(Data provided)
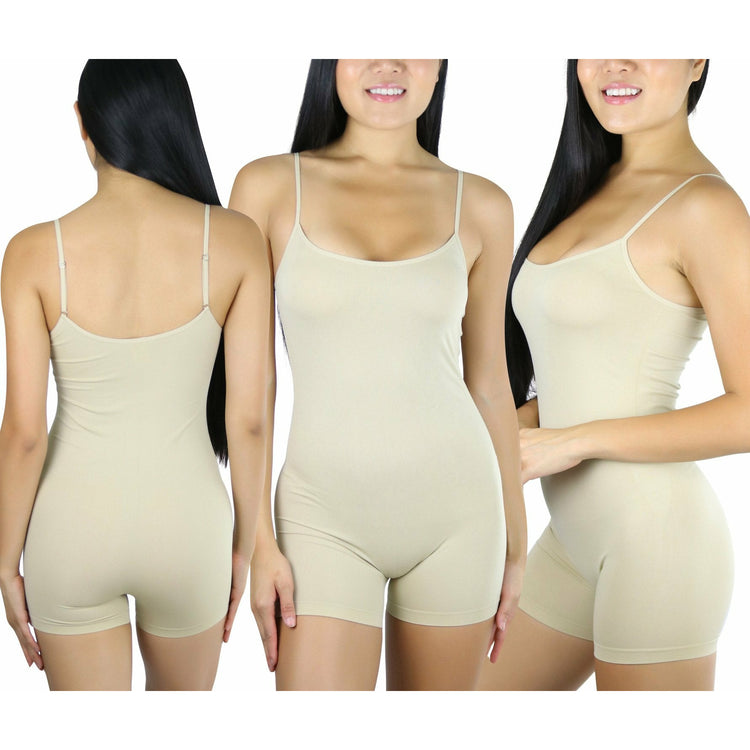 Women's Pack of 3 Essential Layering Seamless Pull On Bodysuit Cami Top Shorts Bottoms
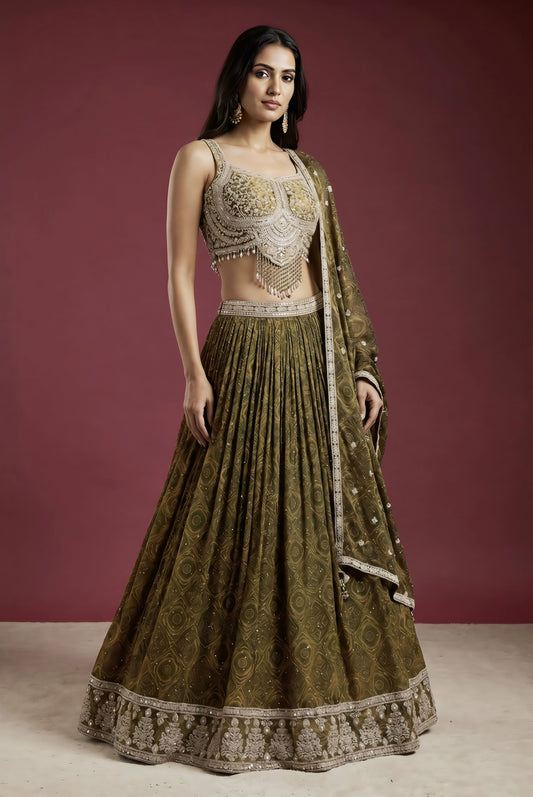Green Bead Embroidered Crepe Reception Lehenga with Semi Sweetheart Neck Blouse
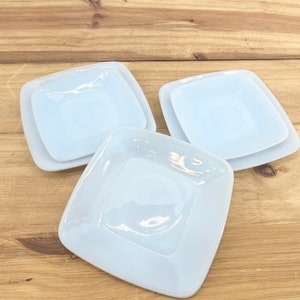 Delphite Plates Vintage Blue Glass Delphite Milky Glass Kitchen Replacement Set Three Luncheon Plates Two Saucers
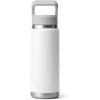YETI Rambler 26 oz Bottle, Vacuum Insulated, Stainless Steel with Color Matching Straw Cap(White)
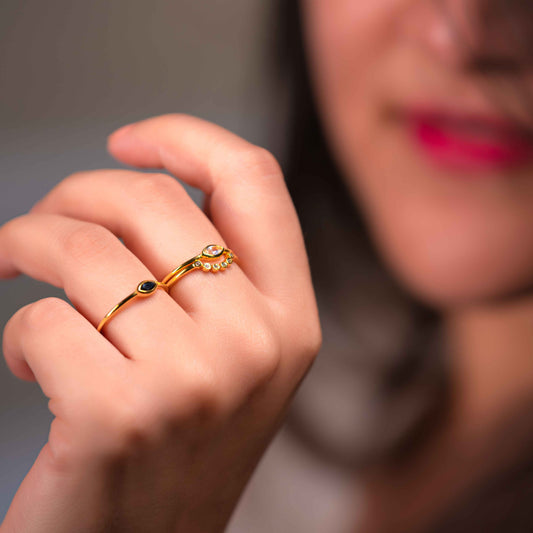 White Topaz Marquise Ring - 18k Gold Vermeil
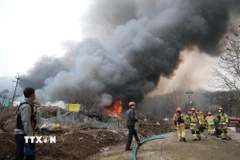 Hiện trường đám cháy tại làng Guryong, quận Gangnam, Hàn Quốc sáng 16/1/2026. (Ảnh: Yonhap/TTXVN)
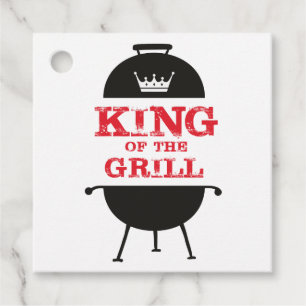 King Of The Grill, Black White Crown Red Favour Tags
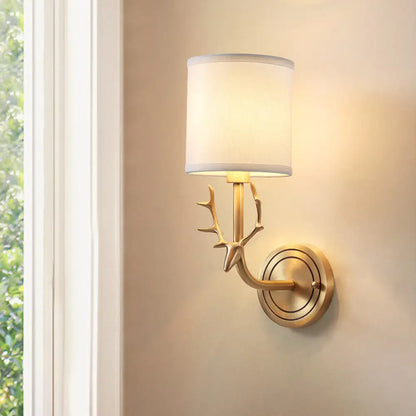 Brass Antique Wall Lamp Fixture with Frosted White Glass Tulip Shade - 1-Light Wall Mount Light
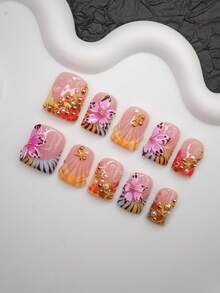 Unhas Postiças Quadradas Tipo A Feitas à Mão Estilo Y2K Hot Girl, Nude, Azul, Amarelo com Borda Francesa, Entalhe, Bola de Aço, Tie Dye, Listra de Zebra, Estrela do Mar, Gota de Água, Estrela do Mar, Design de Concha Unhas Postiças Feitas à Mão Puras, Adequadas para Mulheres e Meninas Usarem Pontas de Unhas Brilhantes, 10 Peças 3 Tamanhos, Adequadas para Festa, Dança, Uso Diário, Inclui Kit de Ferramentas, Pode Ser um Presente para Mulheres e Meninas. - Multicolorido - Visão 3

(Your task) Without any picture, return exactly the lines of the records above from the first through the line that contains "Hiện trường đám".

(Expected answer)
 Women's Pack of 3 Essential Layering Seamless Pull On Bodysuit Cami Top Shorts Bottoms
Green Bead Embroidered Crepe Reception Lehenga with Semi Sweetheart Neck Blouse
 Delphite Plates Vintage Blue Glass Delphite Milky Glass Kitchen Replacement Set Three Luncheon Plates Two Saucers
YETI Rambler 26 oz Bottle, Vacuum Insulated, Stainless Steel with Color Matching Straw Cap(White)
 White Topaz Marquise Ring - 18k Gold Vermeil
 Hiện trường đám cháy tại làng Guryong, quận Gangnam, Hàn Quốc sáng 16/1/2026. (Ảnh: Yonhap/TTXVN)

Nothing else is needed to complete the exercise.